Walter was sacked in December, but his replacement Pellegrino Matarazzo got Stuttgart promoted using a similar system. In a 3-4-1-2, Wamangituka was been allowed to cut inside and make runs centrally. The results were impressive: seven goals and eight assists.
In the Bundesliga, Matarazzo has stuck with his formula. That gives Wamangituka the freedom to get forward. He also acts as a high-pressing threat, averaging 7.5 pressing duels per game. At the same time, he does not have to worry too much about defending, being covered by right centre back Pascal Stenzel.
Photo: @GabFoligno / Christian Kaspar-Bartke – Getty Images
Stuttgart lost on opening day to Freiburg, but it was a great example of Wamangituka’s role in this youthful team. He burst through at 1-0 down to have a shot cleared off the line by Dominique Heintz. Into the second half, he got on the end of a ball from Wataru Endo to net his first Bundesliga goal.
Wamangituka scored a similar goal in the next game, against Mainz, controlling Gonzalo Castro’s pass to fire Stuttgart level. The Congolese also played a hand in Stuttgart’s third, leading a counter-attack to square for Mateo Klimowicz. Another goal came against Hoffenheim, and at the end of November, he was named Bundesliga Rookie of the Month.
This form has continued into December. Wamangituka put Stuttgart up at Werder Bremen from the penalty spot. Late on he prompted controversy after pouncing on a miscommunication between Jiří Pavlenka and Ömer Toprak.
Presented with an open goal, Wamangituka stopped on the line, only thumping in when Pavlenka got nearby.

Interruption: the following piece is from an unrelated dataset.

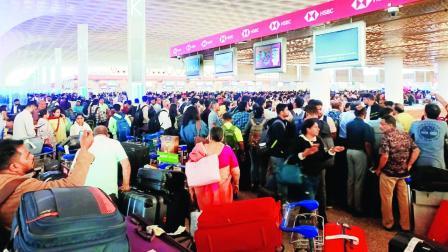 ઇન્ડિગોની અવદશા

That annoyed several Werder players, most notably Davie Selke, and earned him a booking from Frank Willenborg for unsporting behaviour.
🇩🇪😅 ICYMI: Stuttgart's Silas Wamangituka finished off Werder Bremen with the simplest of finishes…
He got booked for it too!pic.twitter.com/hyyl4XCiuJ
— The Sportsman (@TheSportsman) December 7, 2020
Another man to feel suitably aggrieved by Wamangituka would be Lucien Favre. The ex-Borussia Dortmund coach was hanging on o his job before the winger led Stuttgart’s 5-1 thumping of BVB at Signal Iduna Park.
Just like in Bremen, Wamangituka opened the scoring from the spot. In the second half, a great run from Orel Mangala allowed him to ghost into the box. Wamangituka showed excellent close control to take two touches from the Belgian’s pull back before firing past Roman Bürki. Later he cut out Jude Bellingham’s pass to release Tanguy Coulibaly, and the PSG loanee curled in to make it 4-1.
Going into the winter break Wamangituka has seven goals and three assists in the Bundesliga. It is a remarkable rise for the 21-year-old.
Even more surprising is he is yet to be called up for international duty. On this matter, DRC head coach Christian Nsengi-Biembe said: “I would like to (call him up), but I can’t. There is an administrative problem, a passport problem. We’ve heard a lot of things, in particular, that he was a political asylum seeker. But there is also an identity problem. One thing is for sure, we’ve never heard of this Wamangituka in DR Congo.”
In December 2019, L’Équipe accused Wamangituka of using a false identity, alleging he is actually called Mvumpa Katompa Silas. Their evidence was a visa application from 2017, which featured a remarkably similar photo. A club in Kinshasa also bizarrely claim this player disappeared from their club two years ago.
Whoever this man is, they have certainly heard of him in Germany. His association with Alès might even make Stuttgart fans want to visit. They could do with a coach full of tourists.